A backsplash is the protective wall covering behind a sink, which prevents moisture from damaging the wall. It can be made of any waterproof material, but tile provides the widest range of colors and styles. If you have an old tile backsplash, you must remove it before you can install a new one. The good news is that you know the wall behind the backsplash is already suitable for tile. Make sure your new backsplash is at least as large as the old one, so you don't have to touch up the paint around the edges.
Things You'll Need
- Sharp chisel
- Razor scraper
- Tape measure
- Thinset tile mortar
- Notched tiling trowel
- Standard wall tiles
- Bullnose wall tiles
- Tile spacers
- Grout float
Remove the existing tiles of the backsplash with your hammer and chisel, tapping at the sides of the tiles where they meet the wall. Scrape the wall with a razor scraper once the tiles are off to remove any residual mortar or glue.

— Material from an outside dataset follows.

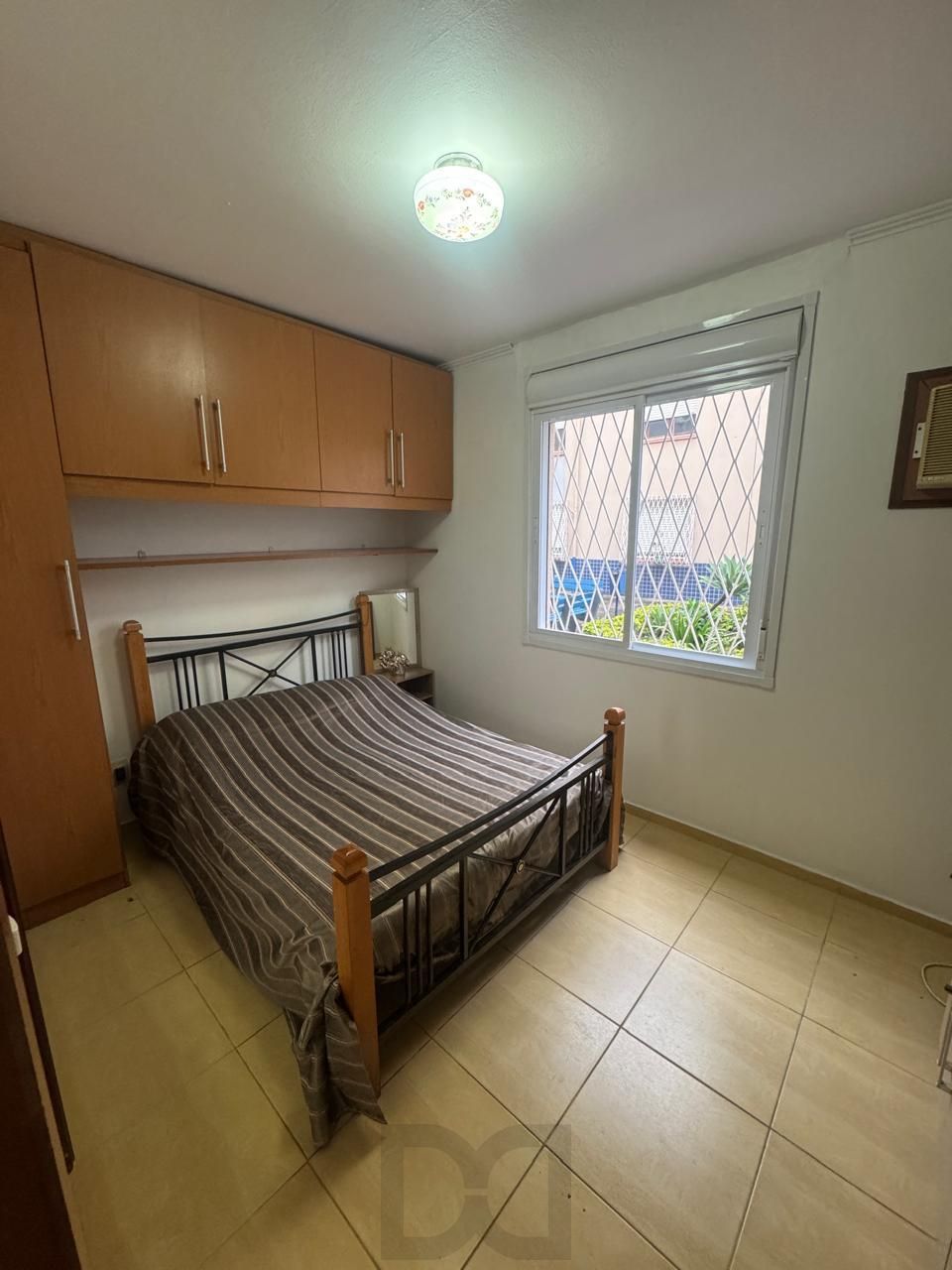 Apartamento térreo de 2 dormitórios, Menino Deus DESOCUPADO — foto 2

Use a pencil, level and tape measure to mark the dimensions you want for the new backsplash. Line up the bubbles on the level in the lines indicating level and plumb before you mark the wall. Size the perimeter so it will hold all full tiles with no cuts, leaving room for a border of bullnose tiles. Bullnose tile are those that are finished on one edge.

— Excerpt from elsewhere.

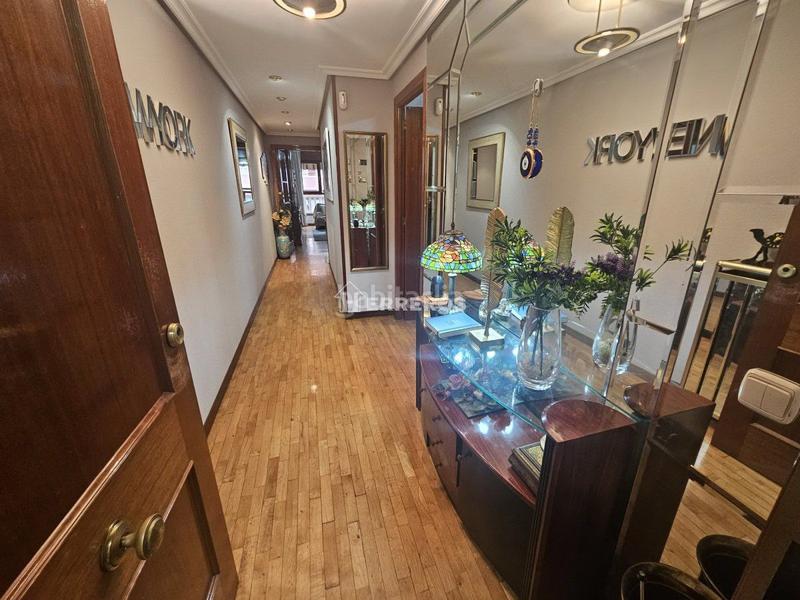 Foto b24b711f-1ea8-4f62-ac7e-1bd24cbc35d1. Piso  en venta en centro, 3 dormitorios. en Juzgados Logroño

Spread thinset mortar over the whole marked area with your notched trowel.
Set the bottom row of tiles in place in the mastic, along the surface of the countertop. Set spacers between and below the tiles separating them from the countertop.
Install the second row of tiles above the first, again putting spacers around each of them as you press them into the mortar. Repeat and continue, building your way up the wall row by row, covering the whole marked area.

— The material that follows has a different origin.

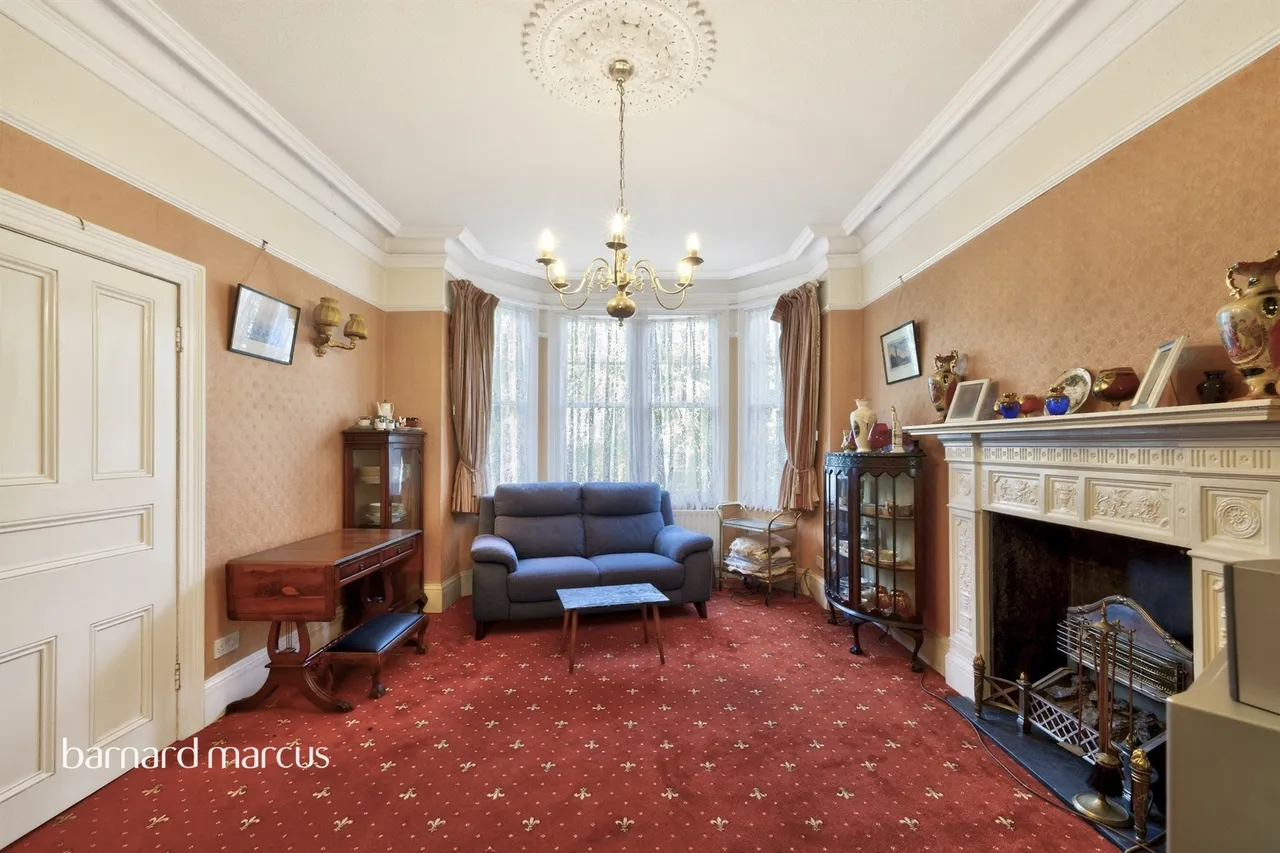 Hanworth Road, Feltham, TW13, photo 5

Use your trowel to spread mortar on the back of a bullnose tile. Press it onto the wall at one edge of the tiled area, so the unfinished edge of the tile is facing the backsplash and the finished side is facing out toward the open wall. Repeat the process to hang the rest of the bullnose tiles in a perimeter around the backsplash.
Let the tiles set for 12 hours. Remove the spacers.
Grout the tiles with a grout float, spreading the grout over the surface and forcing it down into the spaces between the tiles. Use a damp sponge to wipe off the excess grout.
Let the grout set for 48 hours. Run a bead of caulk along the bottom of the backsplash where it meets the countertop.